In case you haven’t noticed, Christmas is coming. How could we miss it? Parades. Lights. Winter activities. Music. Food.
If there’s one thing I’ve learned from newcomers to Canada, it’s the desire to connect in a kitchen, with many people, to learn how to cook ‘Canadian’ food. Reflecting on this, I loved the idea of it. It is brilliant. Food is the centre of all of life’s activities. Sharing food with others connects us and keeps us connected. It is they way we communicate, express creativity and create memories. All occasions, events and activities have food at their centre.

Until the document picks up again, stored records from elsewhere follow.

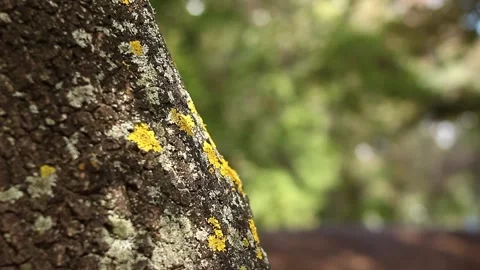 Dancing shadows on mossy bark with  Stock Footage 319743794
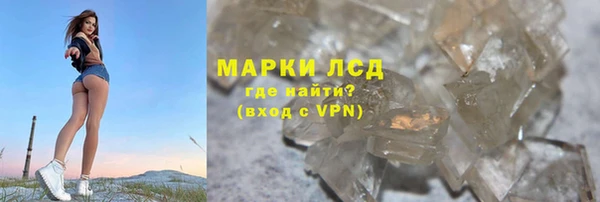 эйфоретик Вяземский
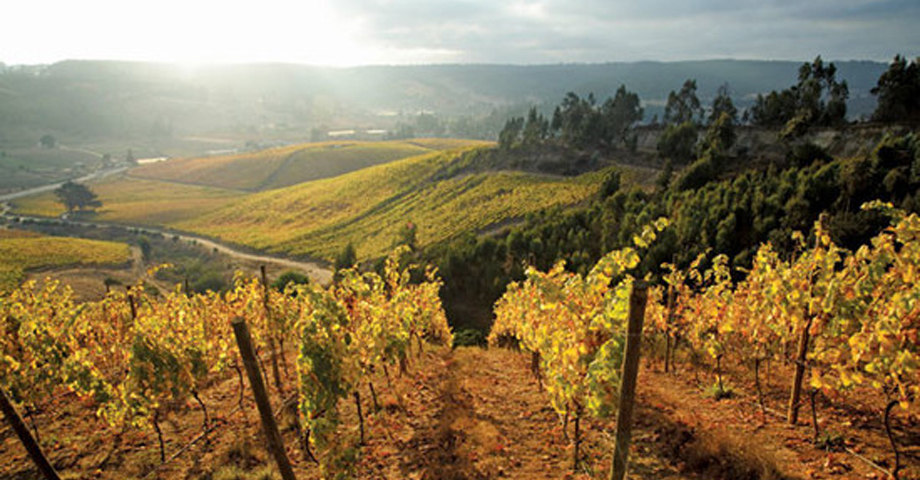 大梁酒庄种买酒存酒_大梁酒庄品牌酒_大梁酒庄品牌酒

What I was delighted to find out is that there IS a way for us to collectively get together to enjoy food and learn culture. Community Kitchens by Family Services of Greater Vancouver has kitchens in New Westminster and Richmond! Community Kitchens serves new immigrants, seniors, youth and single mothers. They provide food and resources. They meet regularly in local churches and community centres. In the kitchen, members find out so much more than ingredients and recipes; they learn traditions, and culture, differences and similarities, and stories that give a glimpse into others lives.
The act of sitting down together, to enjoy food, creates conversation, dialogue and debate. We learn each other’s customs, manners, and expressions. We learn to appreciate differences and we learn how similar we all are.

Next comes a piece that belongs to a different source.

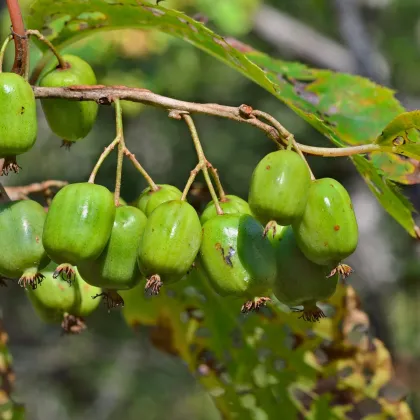 Minikiwi - Actinidia arguta - semiačka - 5 ks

Last week, I had the pleasure of attending a Christmas party. There were 7 of us: some from Canada, some from other countries. We went around the table to share what food was quintessential to us. It was a hard question to answer until we asked ‘what our favourite comfort food was – the one thing we would turn to when we were ill.’ It became easier to define. The funny thing is, not one of us turned to a ‘Canadian’ dish. Each food choice stemmed from our family genealogy, our history, our story.
If you’re wishing to cook a traditional Christmas dinner in Canada, I would harbour a bet that many people will be cooking turkey with a variety of side dishes. If you don’t know where to start (the Community Kitchen will likely be something to look into in the New Year), the Fraser Valley Regional Library has recipe books you can borrow.